Both these chapters are a daily read. In this book Fr. Rolheiser quotes Henri Nouwen;

"Our life is a short time in expectation, a time in which sadness and joy kiss each other at every moment of our life. There is a quality of sadness that pervades all moments of our life. It seems there is no such thing as clear-cut pure joy, but that even in the most happy moments of our existence we sense a tinge of sadness. In every satisfaction, there is an awareness of limitations. In every success, there is fear of jealousy. Behind every smile, there is a tear. In every embrace, there is loneliness. In every friendship, distance. And, in all forms of light, there is the knowledge of surrounding darkness....But this intimate experience in which every bit of life is touched with a bit of death can point us beyond the limits of our existence. It can do so by making us look forward in expectation to the day when our hearts will be filled with perfect joy, a joy no one shall take away from us."

Then Fr. Rolheiser writes the following commentary: "What Nouwen affirms here, in simple language, is what Christian Theology means when it tells us we are living in the interim eschatological age. We are living in that time between Christ’s Resurrection (the initial triumph of God’s promise to give us fulfillment) and the final consummation of that promise, the end of time (when all tears will be wiped away).
During that time, and it is an interim time, we will always live in tension, waiting for the final consummation of history and our lives. Our happiness depends not on overcoming this, which we cannot do in any case, but in making peace with it. And that peace is not made by a stoic acceptance that we cannot have it all in this life. It is made by living our incompleteness in face of a future promise.

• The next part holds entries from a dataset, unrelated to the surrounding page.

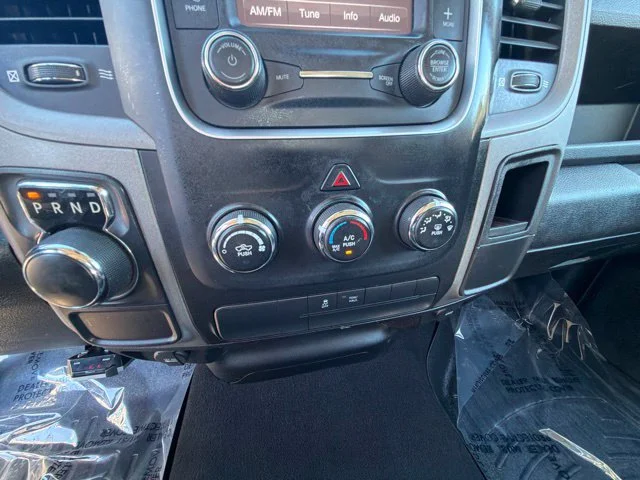 Used 2021 White Ram Tradesman image 23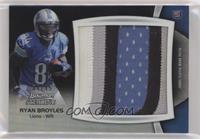 Ryan Broyles #/45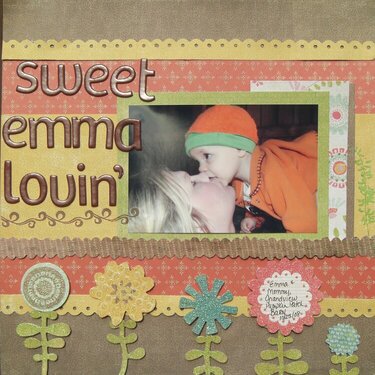 Sweet Emma Lovin&#039;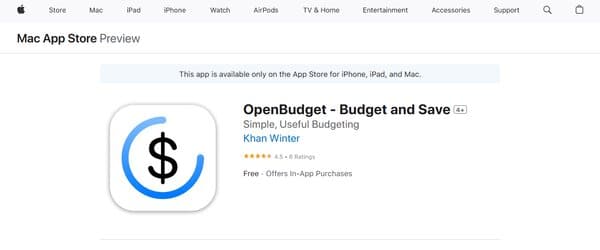 OpenBudget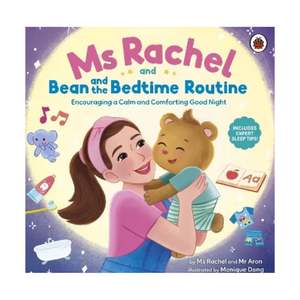 Picture Books: Ms Rachel and Bean and the Bedtime Routine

To live in the interim eschatological age to be like a couple waiting to be married who, for a good reason (for example the death of a parent), have chosen to postpone their marriage for a period of time. There is a certain frustration in that, but that frustration is offset by the clear knowledge that this is only a temporary delay, soon to be overcome. Our essential “inconsummation” in this life must be understood in this way. The frustration is real, but it is, as Nouwen so well puts it, something we will one day overcome, albeit that day will not meet us in this life.

“To understand the time we live in, is to be less frustrated with the fact that it cannot offer us the final symphony." Our spiritual journey, then, is the everyday living in that reality. Fr. Rolheiser hits it right on the head when he points out it we are dealing with real frustration, and that frustration is now. We do not deal with this frustration by fighting it, no use we cannot win, or by making attempts to fix it, which we ourselves cannot, it is somehow in the acceptance that we are able to arrive at some peace. Acceptance of who we are, and who God is, in that reality lies the key. God is God, and we are not. WE have the great, deep desire, given to us by our God, to be totally one, once again. That is our journey into a oneness with who we are, and in that process we find union with Him, who is our Source, and Destiny.

The Psalmist provides us with those wonderful lines, "out of the depths I cry to you o Lord. Lord hear my cry." When we allow ourselves to taste the essential helplessness, hopelessness, and powerlessness of who we are as human beings, then our Savior God will come to us with those consoling word, "My Beloved here I am. I am always standing beside you. I will not, I cannot desert, abandon you. You are to me as beloved as your brother Jesus. The love I have for the both of you is the same.” Can you believe that? It is not the reality that you have difficulty with, it is a deepening faith that will bring you to that place. It is yours to have. Ask and you shall receive, seek and you shall find, knock and it will be opened to you. Always keep in mind, “My ways, are not your ways”. My time is not the way you figure time. I will come at a time and in the places you least expect. “It has been this way, and as it was so it shall ever be." I believe Lord, help my unbelief/disbelief.